• SUPPLIED MATERIAL:
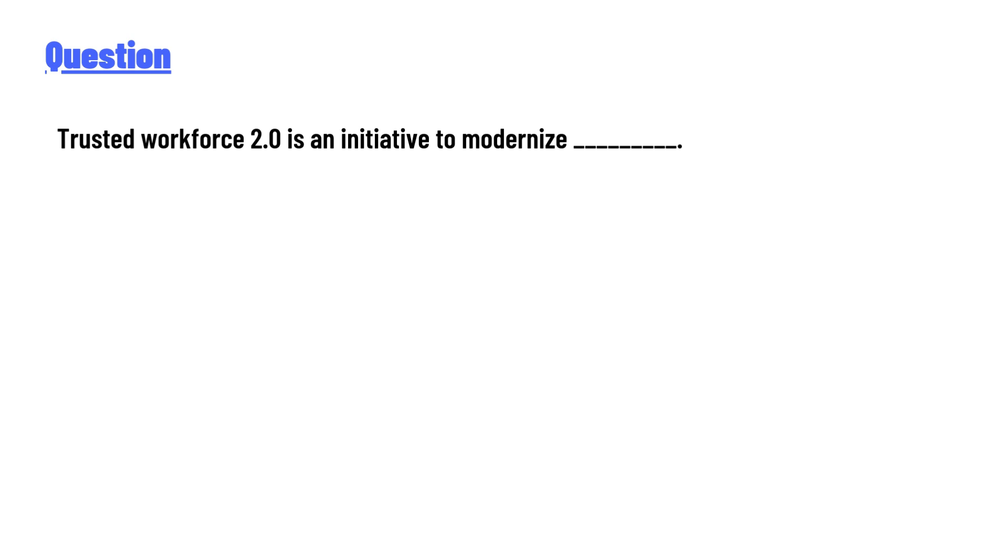Trusted Workforce 2.0 is an initiative to modernize...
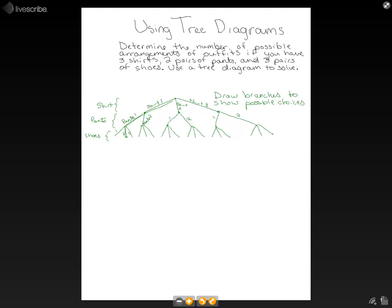Then we'd have this option here. So we can number all of our options at the bottom, because those all represent different outfits. So we have 13, 14, 15, 16, 17, 18. So 18 possible arrangements.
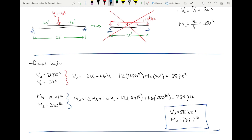Keep in the back of your head: these values are based on an assumed self-weight of 50 pounds per foot. That might be important a little later.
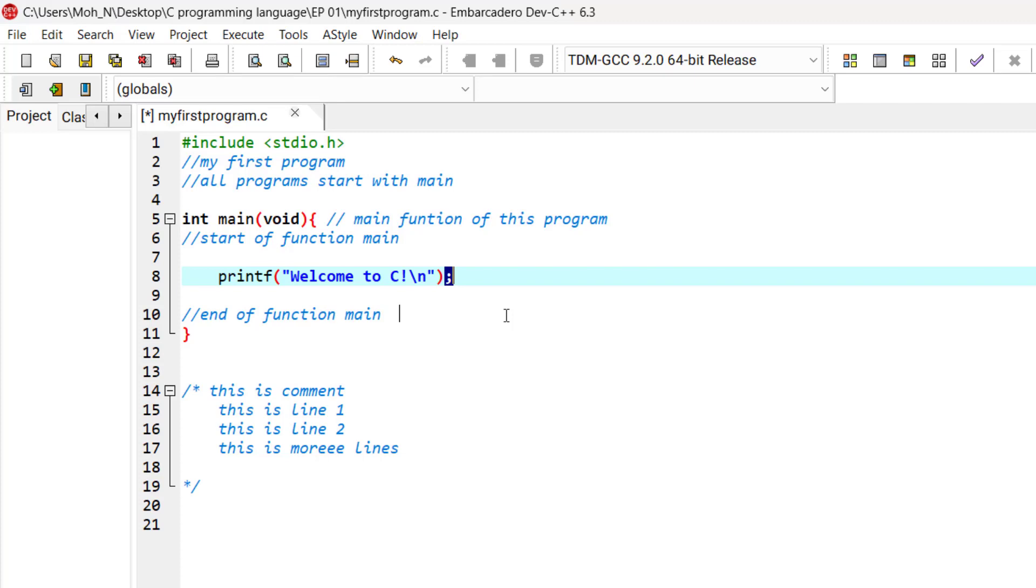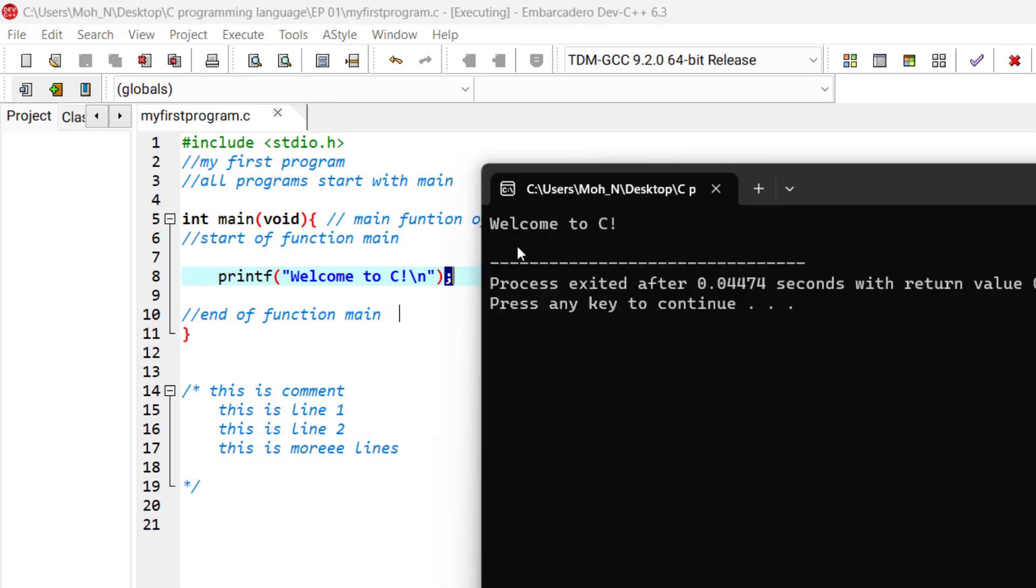The characters usually print as they appear between the double quotes, but notice that the character slash n was not displayed. We will talk about that later in the next episodes.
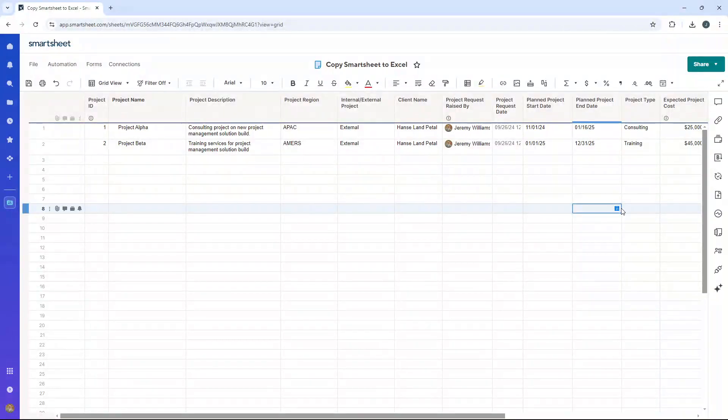Are you wondering how to copy from Smartsheet to Excel? Well, if that's the case, then you've come to the right place because in today's video, I'm gonna be showing you exactly what you need to do.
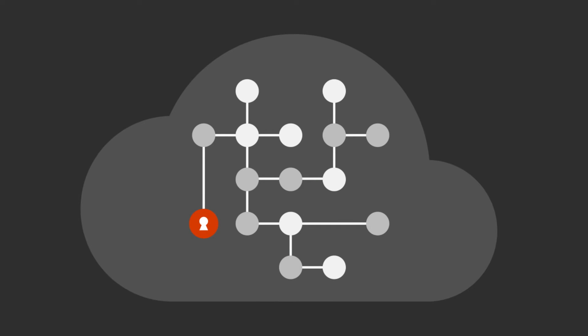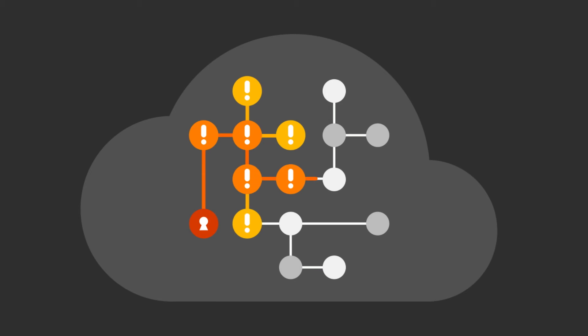These capabilities reveal connections across your assets, focusing on the context and combination of security issues that put your most critical resources at risk.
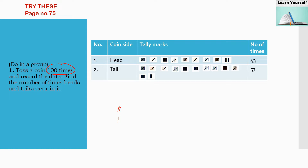Whenever I get a head I mark it, and on the fifth observation I cross it — one tally mark group gives five observations. That means five times head, and I noted down all observations this way. The number of times heads occurred is 43, calculated as 5+5+5+5+5+5+5+5+3, which gives 43.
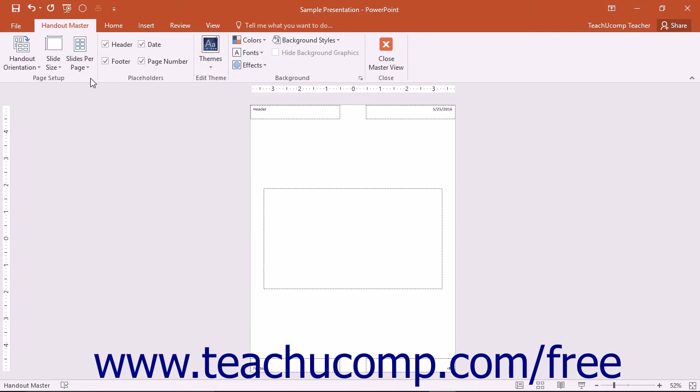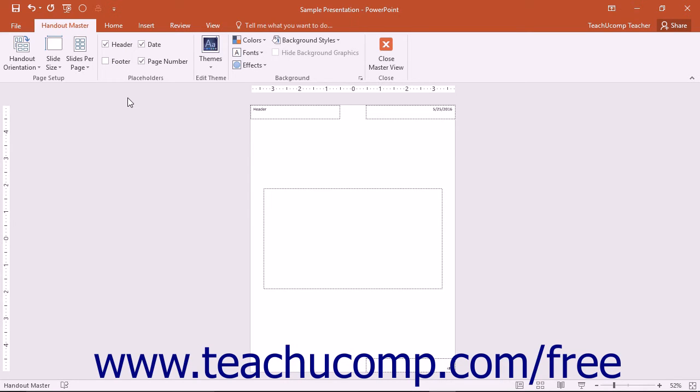Once again, you may modify the placeholder information within the main window. Check or uncheck the placeholders shown in the Placeholders button group to add or remove those items from the layout.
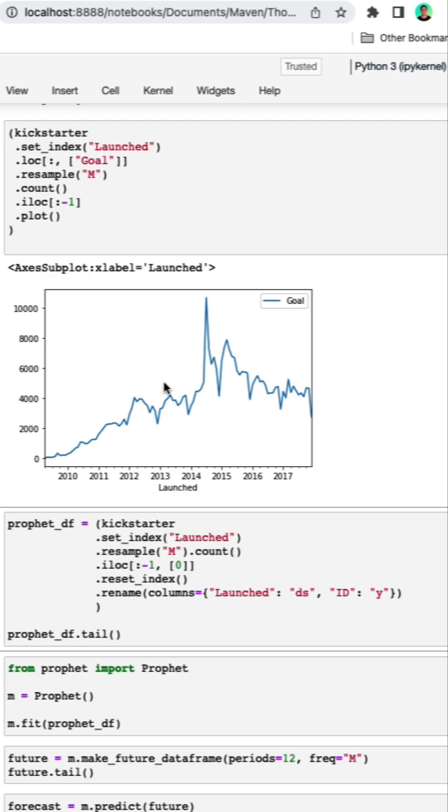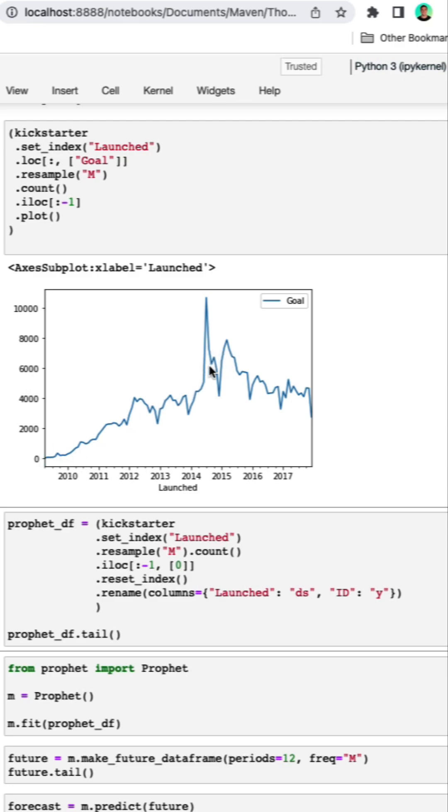We're going to be working with Kickstarter data that starts in 2009 when Kickstarter launched and we're going to be looking at the number of projects started every month. We can see that this starts at a very low level followed by a period of rapid growth up through 2014-2015 where things peak, followed by a slow decline and maybe plateau in 2017.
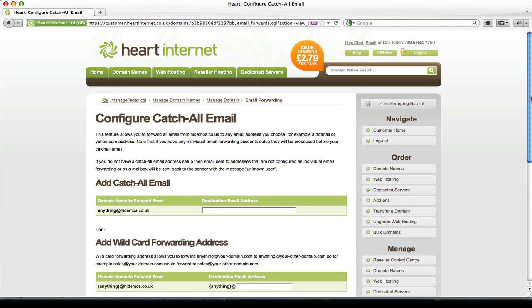You should have a good understanding now of the different ways you can set up email forwarding depending on your domain name setup. This concludes the tutorial. Many thanks for watching.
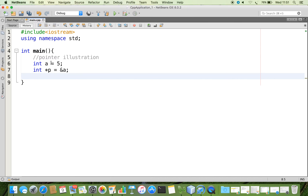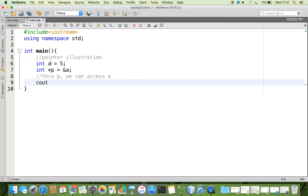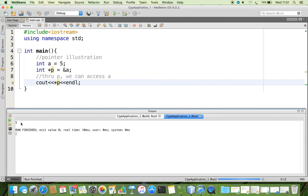Now, through p, how will you access a? Through the pointer variable p, we can access a. If I put p alone, what will be the output? p means we will get the address. So we have to say the value at address of a. p contains the address of a, so we have to get the value at that address. We can cross check the output and see that we are getting the expected output 5.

• WORK REQUIRED:
An exact retyping of the material, minus the pictures, is the required answer.

• WRITTEN RESPONSE:
Trusted Workforce 2.0 is an initiative to modernize...
Then we'd have this option here. So we can number all of our options at the bottom, because those all represent different outfits. So we have 13, 14, 15, 16, 17, 18. So 18 possible arrangements.
Keep in the back of your head: these values are based on an assumed self-weight of 50 pounds per foot. That might be important a little later.
The characters usually print as they appear between the double quotes, but notice that the character slash n was not displayed. We will talk about that later in the next episodes.
Are you wondering how to copy from Smartsheet to Excel? Well, if that's the case, then you've come to the right place because in today's video, I'm gonna be showing you exactly what you need to do.
These capabilities reveal connections across your assets, focusing on the context and combination of security issues that put your most critical resources at risk.
Whenever I get a head I mark it, and on the fifth observation I cross it — one tally mark group gives five observations. That means five times head, and I noted down all observations this way. The number of times heads occurred is 43, calculated as 5+5+5+5+5+5+5+5+3, which gives 43.
Once again, you may modify the placeholder information within the main window. Check or uncheck the placeholders shown in the Placeholders button group to add or remove those items from the layout.
We're going to be working with Kickstarter data that starts in 2009 when Kickstarter launched and we're going to be looking at the number of projects started every month. We can see that this starts at a very low level followed by a period of rapid growth up through 2014-2015 where things peak, followed by a slow decline and maybe plateau in 2017.
You should have a good understanding now of the different ways you can set up email forwarding depending on your domain name setup. This concludes the tutorial. Many thanks for watching.
Now, through p, how will you access a? Through the pointer variable p, we can access a. If I put p alone, what will be the output? p means we will get the address. So we have to say the value at address of a. p contains the address of a, so we have to get the value at that address. We can cross check the output and see that we are getting the expected output 5.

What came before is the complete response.